§ Aim of the exercise
What you return must match the listing exactly, with every image removed.

§ Information shown
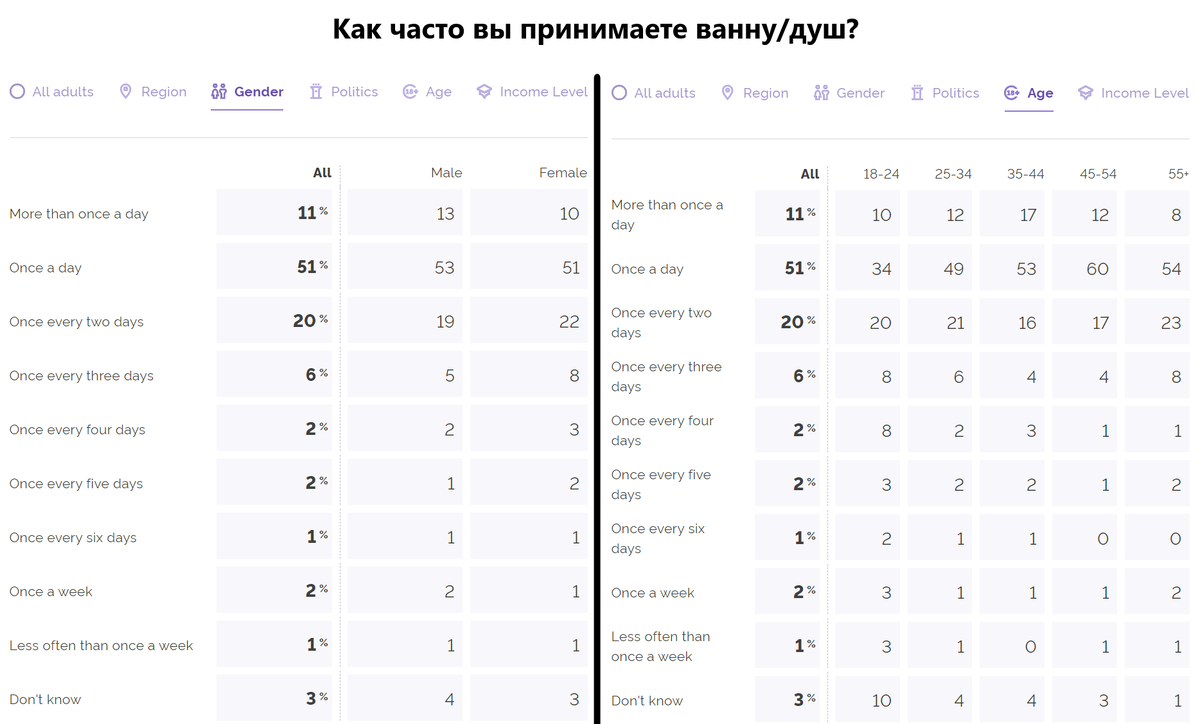 Источник: YouGov, перевод автора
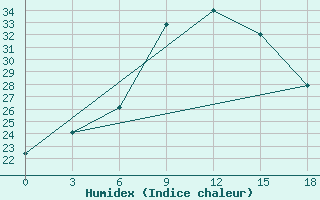 Courbe de l'humidex pour Palagruza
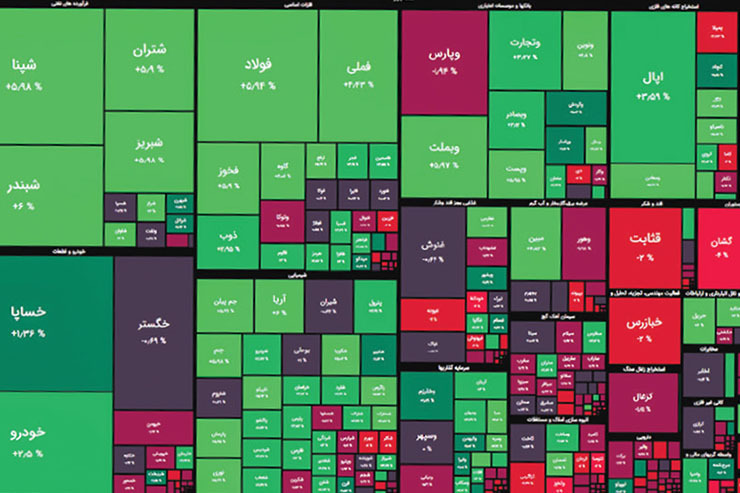 معاملات بازار سرمایه دیروز به صعود شاخص‌های بورسی منجر شد. البته این صعود بیشتر مرهون افزایش قیمت در نماد‌های بزرگ و شاخص سازی، چون «شستا»، «فملی»، «فولاد» و «فارس» بود.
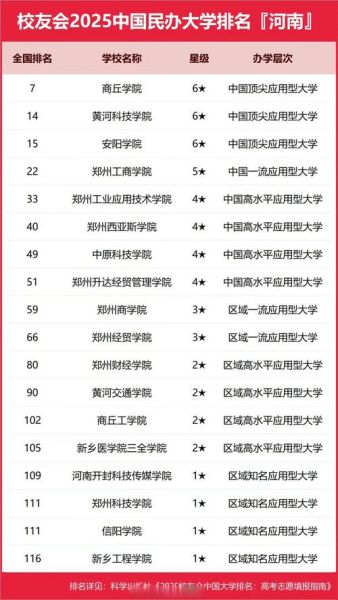 河南双一流大学名单_有哪些学校-第1张图片-星辰妙记 河南双一流大学名单_有哪些学校-第1张图片-星辰妙记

§ Reply to the task
 Источник: YouGov, перевод автора
 Courbe de l'humidex pour Palagruza
 معاملات بازار سرمایه دیروز به صعود شاخص‌های بورسی منجر شد. البته این صعود بیشتر مرهون افزایش قیمت در نماد‌های بزرگ و شاخص سازی، چون «شستا»، «فملی»، «فولاد» و «فارس» بود.
 河南双一流大学名单_有哪些学校-第1张图片-星辰妙记 河南双一流大学名单_有哪些学校-第1张图片-星辰妙记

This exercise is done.